Described as a peace orchestra, the PCYO contained young musicians from countries in conflict. In the breaks, an Azeri violinist played chess with an Armenian while their leaders faced off over the disputed territory of Nagorno-Karabakh. With a young Turkish oboist (her country at loggerheads with Armenia over recognition of the Ottoman-era genocide of Armenians),
they conversed in a mixture of Turkish, Azeri, Russian and English. In rehearsals, Georgians shared performance notes with players from Russia – which occupies part of the former’s country – who defied Moscow’s ban to travel there.
One said to me: “When I play I’m not representing my nationality – I’m immersed in the universality of music.” They were completely uninterested in allowing conflict to damage their friendships and art.
But now, Putin’s invasion of Ukraine has driven a tank on to that particular lawn. As international outrage mounts, musical scalps have started to fall. Most notable is Valery Gergiev, the celebrated veteran Russian conductor, who has been sacked by the Munich Philharmonic and as musical director of the Verbier festival. A slew of performances in the US and Europe have been cancelled. Pianist Denis Matsuev, booked to play with him in Carnegie Hall, was also dropped, while performances by Anna Netrebko, one of the top sopranos of our time, have been cancelled across the world. Russian ballet companies are no longer touring.

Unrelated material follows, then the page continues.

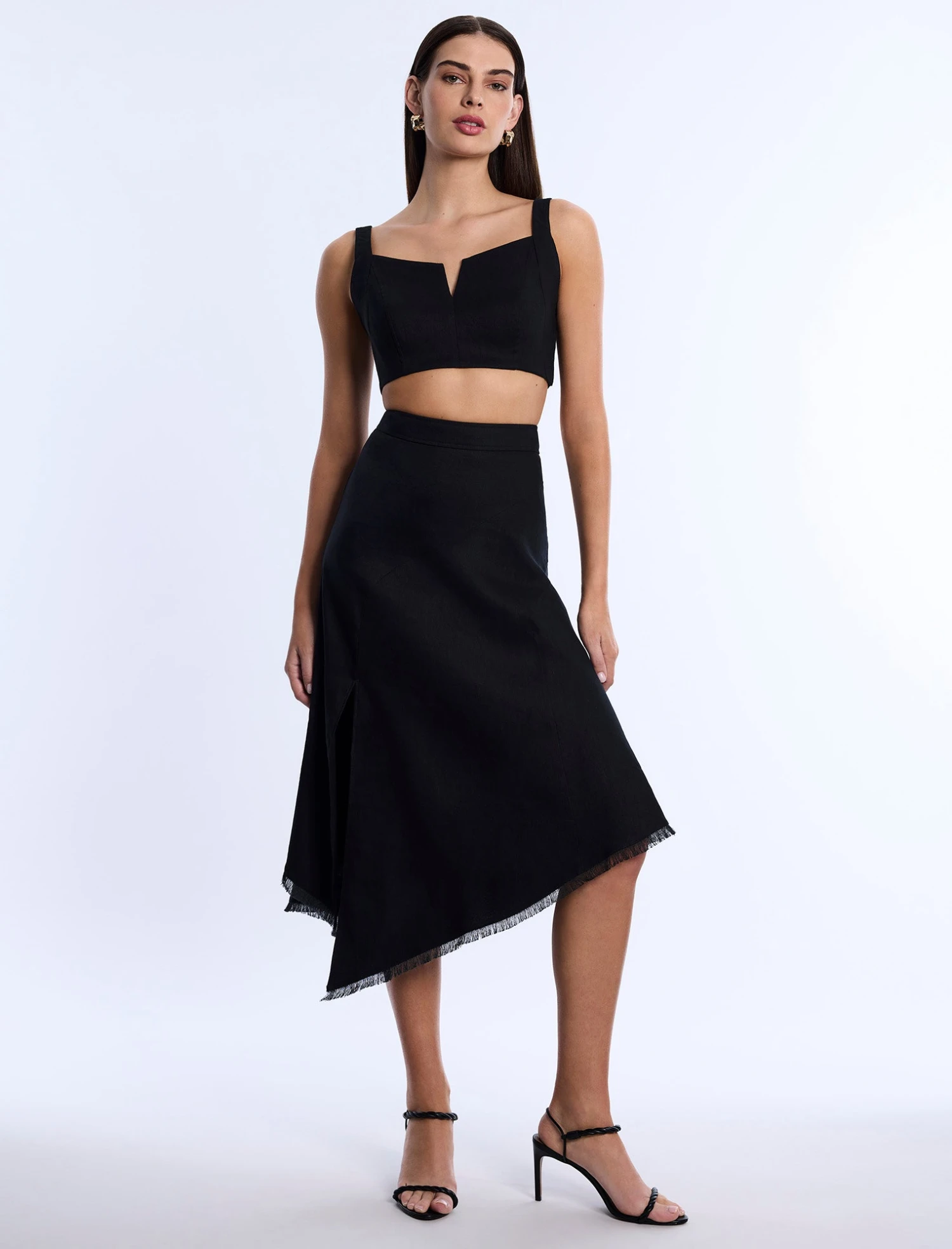 BCBGMAXAZRIA High-Slit Flared Skirt 4 BCBGMAXAZRIA High-Slit Flared Skirt - Image 4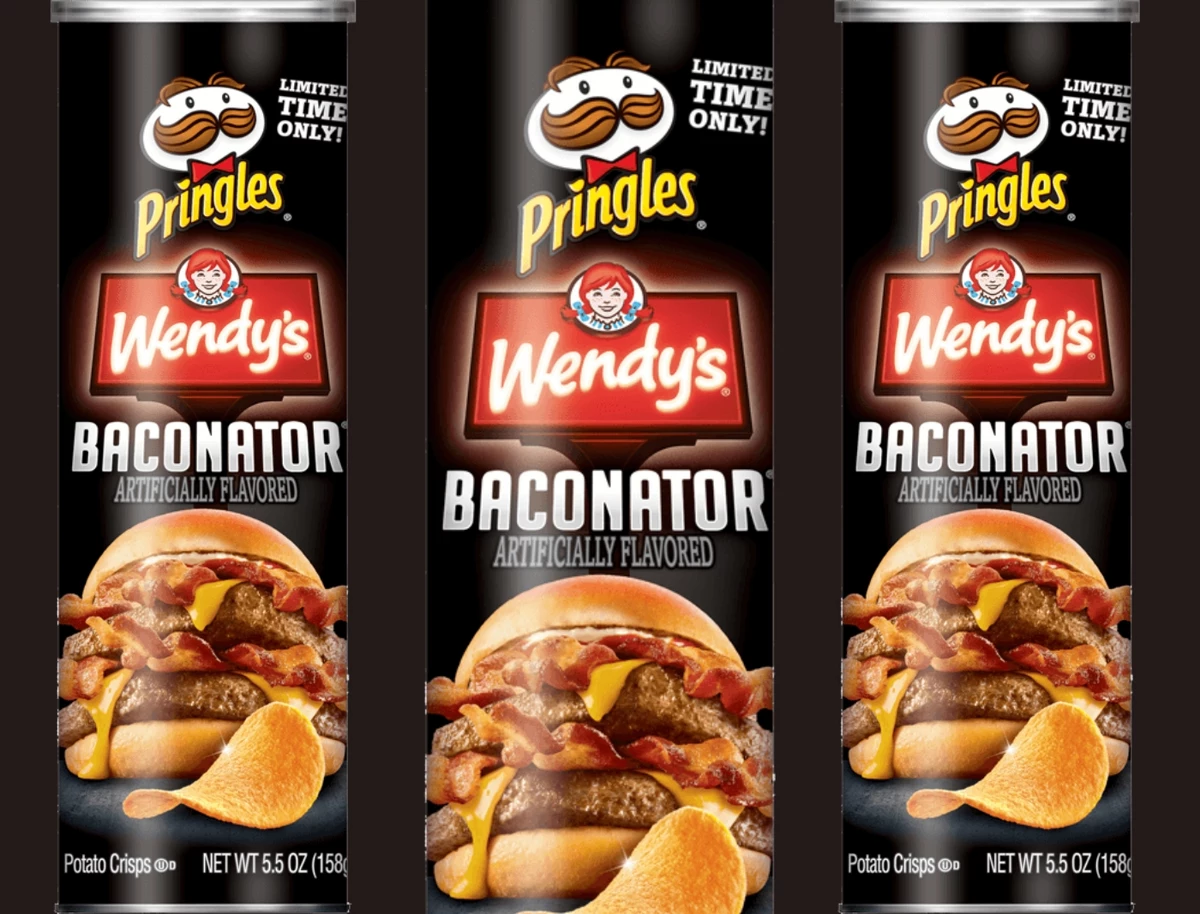 Pringles & Wendy's Team up for a Baconator Flavored Chip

It’s hard to imagine Russian performers taking the stage as usual. But where do you stop?
Gergiev is a clear-cut case. A close ally of Vladimir Putin since the start of his career, he has organised concerts to celebrate Putin’s dubious military victories. His access to power and money has helped his career endure abroad. Music insiders say wherever he goes, Gazprom appears with sponsorship offers. But, musically, he won’t be missed.

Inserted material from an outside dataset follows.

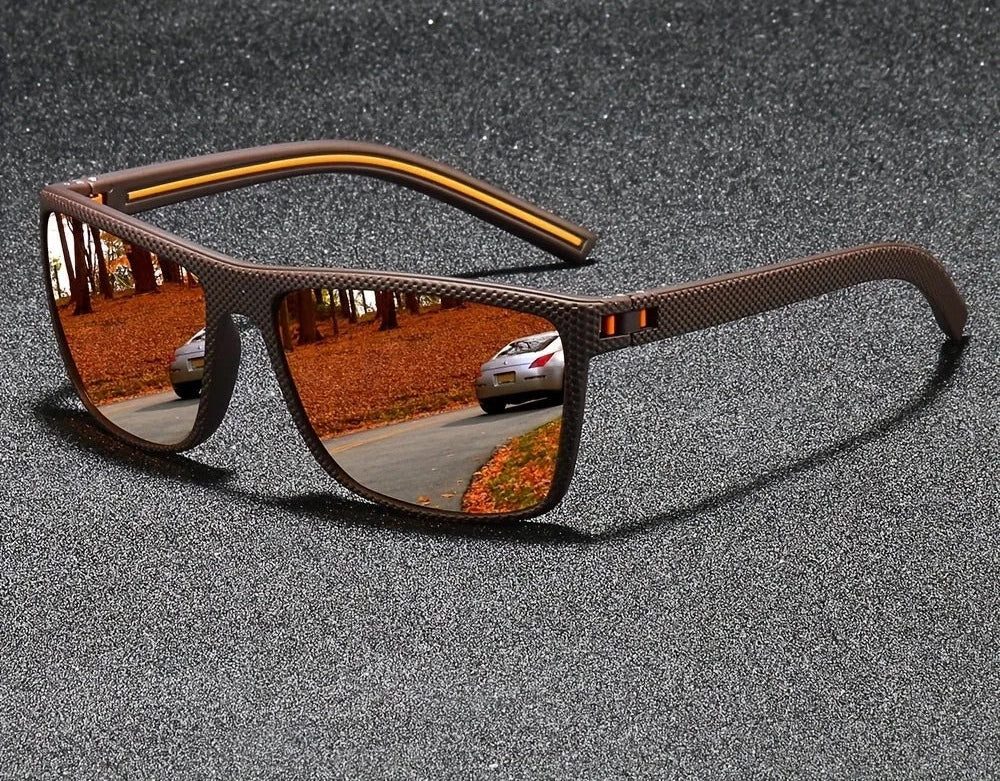 Cruze Vintage Square Polarized Sunglasses for Men | Designer UV400 Protection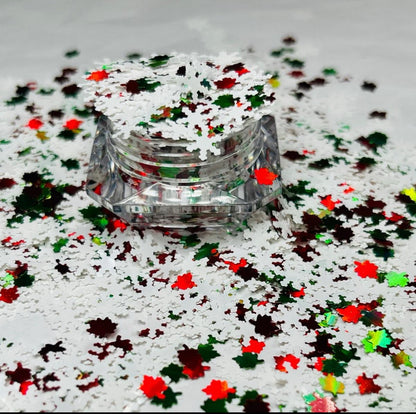 Frosty Snowflakes/Shape Glitter image 1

Netrebko, who has posed with the flag of Russian separatists in Ukraine, once praised Putin’s “strong male energy” and said she would love to be his mistress.
But babyfaced Russian piano virtuoso Alexander Malofeev – whose long-awaited summer concert in Vancouver was “postponed” indefinitely – was not cancelled for his views. The organisers worried that going ahead would be unconscionable, and also make him a target for protesters. The anger will also come for Russian donors, who are in some cases linked to Putin.
As Malofeev said: “The truth is that every Russian will feel guilty for decades because of the terrible and bloody decision that none of us could influence and predict.”
Some Russians, such as the pianist Evgeny Kissin and conductors Vasily Petrenko and Vladimir Jurowski, have denounced Russia, but they work
largely outside the country. Others, including Tugan Sokhiev, who quit positions in Toulouse and Moscow, were upset at being asked to choose one culture over the other. It’s not easy to speak out.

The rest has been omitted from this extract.